TASK INSTRUCTIONS: Pick out the lines below that include the string "justo".

SUPPLIED RECORDS:
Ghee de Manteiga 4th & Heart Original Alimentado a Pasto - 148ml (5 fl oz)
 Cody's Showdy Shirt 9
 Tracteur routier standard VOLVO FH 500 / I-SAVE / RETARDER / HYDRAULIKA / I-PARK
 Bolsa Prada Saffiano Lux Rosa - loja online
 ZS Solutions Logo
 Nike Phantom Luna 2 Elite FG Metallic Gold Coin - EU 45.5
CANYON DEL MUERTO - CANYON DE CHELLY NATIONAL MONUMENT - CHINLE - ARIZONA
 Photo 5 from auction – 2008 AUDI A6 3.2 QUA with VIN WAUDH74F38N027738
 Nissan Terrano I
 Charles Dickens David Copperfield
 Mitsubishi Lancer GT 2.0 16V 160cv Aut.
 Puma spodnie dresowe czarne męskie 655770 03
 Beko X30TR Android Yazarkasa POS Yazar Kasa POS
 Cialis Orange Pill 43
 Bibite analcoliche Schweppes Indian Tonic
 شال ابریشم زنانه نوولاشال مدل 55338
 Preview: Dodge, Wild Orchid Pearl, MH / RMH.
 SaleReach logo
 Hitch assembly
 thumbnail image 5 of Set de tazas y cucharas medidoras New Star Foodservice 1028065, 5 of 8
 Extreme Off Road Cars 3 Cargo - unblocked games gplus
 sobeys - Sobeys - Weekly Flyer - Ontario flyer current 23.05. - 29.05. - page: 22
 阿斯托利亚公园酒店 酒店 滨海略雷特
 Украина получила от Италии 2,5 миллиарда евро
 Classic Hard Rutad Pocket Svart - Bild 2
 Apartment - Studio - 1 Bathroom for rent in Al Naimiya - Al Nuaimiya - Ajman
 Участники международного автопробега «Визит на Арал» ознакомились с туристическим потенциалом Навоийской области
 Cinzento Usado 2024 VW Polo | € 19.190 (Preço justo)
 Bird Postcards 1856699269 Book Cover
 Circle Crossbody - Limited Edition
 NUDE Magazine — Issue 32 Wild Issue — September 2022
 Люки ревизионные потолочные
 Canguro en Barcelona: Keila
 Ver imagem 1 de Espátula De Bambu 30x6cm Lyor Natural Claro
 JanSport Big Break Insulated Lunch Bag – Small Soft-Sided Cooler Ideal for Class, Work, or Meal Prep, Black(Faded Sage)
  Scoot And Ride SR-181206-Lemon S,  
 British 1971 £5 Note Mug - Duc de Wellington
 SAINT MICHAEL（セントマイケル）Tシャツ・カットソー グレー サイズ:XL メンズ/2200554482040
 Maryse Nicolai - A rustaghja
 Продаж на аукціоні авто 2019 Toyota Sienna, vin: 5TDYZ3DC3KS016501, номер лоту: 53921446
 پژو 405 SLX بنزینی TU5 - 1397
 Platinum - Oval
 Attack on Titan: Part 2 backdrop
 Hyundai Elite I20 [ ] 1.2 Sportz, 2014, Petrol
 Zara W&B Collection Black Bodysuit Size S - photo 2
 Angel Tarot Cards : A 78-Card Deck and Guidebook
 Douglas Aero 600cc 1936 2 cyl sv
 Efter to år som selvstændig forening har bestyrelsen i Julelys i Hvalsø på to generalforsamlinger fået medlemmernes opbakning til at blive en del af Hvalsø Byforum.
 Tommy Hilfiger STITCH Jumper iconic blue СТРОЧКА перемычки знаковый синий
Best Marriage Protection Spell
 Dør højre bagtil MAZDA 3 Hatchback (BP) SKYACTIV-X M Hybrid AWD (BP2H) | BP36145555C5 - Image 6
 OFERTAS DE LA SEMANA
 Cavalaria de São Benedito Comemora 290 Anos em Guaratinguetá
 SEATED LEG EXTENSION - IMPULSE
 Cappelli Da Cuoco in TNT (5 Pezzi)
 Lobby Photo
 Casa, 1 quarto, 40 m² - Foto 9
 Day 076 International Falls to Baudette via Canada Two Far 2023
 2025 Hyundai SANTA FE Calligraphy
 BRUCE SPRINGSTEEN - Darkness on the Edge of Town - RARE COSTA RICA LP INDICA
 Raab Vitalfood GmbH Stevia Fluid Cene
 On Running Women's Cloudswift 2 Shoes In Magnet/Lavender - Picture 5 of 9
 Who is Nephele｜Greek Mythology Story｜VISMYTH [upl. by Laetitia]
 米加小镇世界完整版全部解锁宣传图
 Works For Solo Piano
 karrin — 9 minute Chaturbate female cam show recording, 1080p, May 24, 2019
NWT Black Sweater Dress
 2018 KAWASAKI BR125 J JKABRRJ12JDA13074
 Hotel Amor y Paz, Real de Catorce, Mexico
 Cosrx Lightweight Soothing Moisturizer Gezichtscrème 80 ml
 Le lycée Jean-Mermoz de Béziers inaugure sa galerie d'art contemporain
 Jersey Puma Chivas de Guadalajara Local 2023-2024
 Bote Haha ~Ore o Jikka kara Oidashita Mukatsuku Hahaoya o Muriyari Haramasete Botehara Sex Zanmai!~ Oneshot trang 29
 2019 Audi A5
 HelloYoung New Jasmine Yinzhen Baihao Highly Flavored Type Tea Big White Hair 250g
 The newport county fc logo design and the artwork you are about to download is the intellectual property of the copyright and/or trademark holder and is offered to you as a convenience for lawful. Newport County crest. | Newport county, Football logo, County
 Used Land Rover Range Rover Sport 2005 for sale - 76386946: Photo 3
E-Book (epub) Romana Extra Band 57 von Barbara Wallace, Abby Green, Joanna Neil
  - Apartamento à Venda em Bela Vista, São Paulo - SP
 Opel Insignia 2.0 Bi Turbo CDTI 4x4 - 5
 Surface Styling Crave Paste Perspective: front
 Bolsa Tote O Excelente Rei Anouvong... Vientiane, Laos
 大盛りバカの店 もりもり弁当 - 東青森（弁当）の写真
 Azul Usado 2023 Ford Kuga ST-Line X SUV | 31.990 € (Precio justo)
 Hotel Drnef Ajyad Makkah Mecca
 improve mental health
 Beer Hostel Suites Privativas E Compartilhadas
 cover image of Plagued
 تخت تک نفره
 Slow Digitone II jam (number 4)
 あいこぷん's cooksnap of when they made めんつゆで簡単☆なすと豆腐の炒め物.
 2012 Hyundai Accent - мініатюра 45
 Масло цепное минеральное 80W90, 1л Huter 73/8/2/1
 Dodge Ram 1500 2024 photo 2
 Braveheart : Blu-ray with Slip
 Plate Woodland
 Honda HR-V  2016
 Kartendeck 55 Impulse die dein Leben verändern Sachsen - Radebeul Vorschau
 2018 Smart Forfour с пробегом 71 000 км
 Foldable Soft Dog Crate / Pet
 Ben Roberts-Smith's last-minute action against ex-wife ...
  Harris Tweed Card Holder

ANSWER SPACE:
 Cinzento Usado 2024 VW Polo | € 19.190 (Preço justo)
 Azul Usado 2023 Ford Kuga ST-Line X SUV | 31.990 € (Precio justo)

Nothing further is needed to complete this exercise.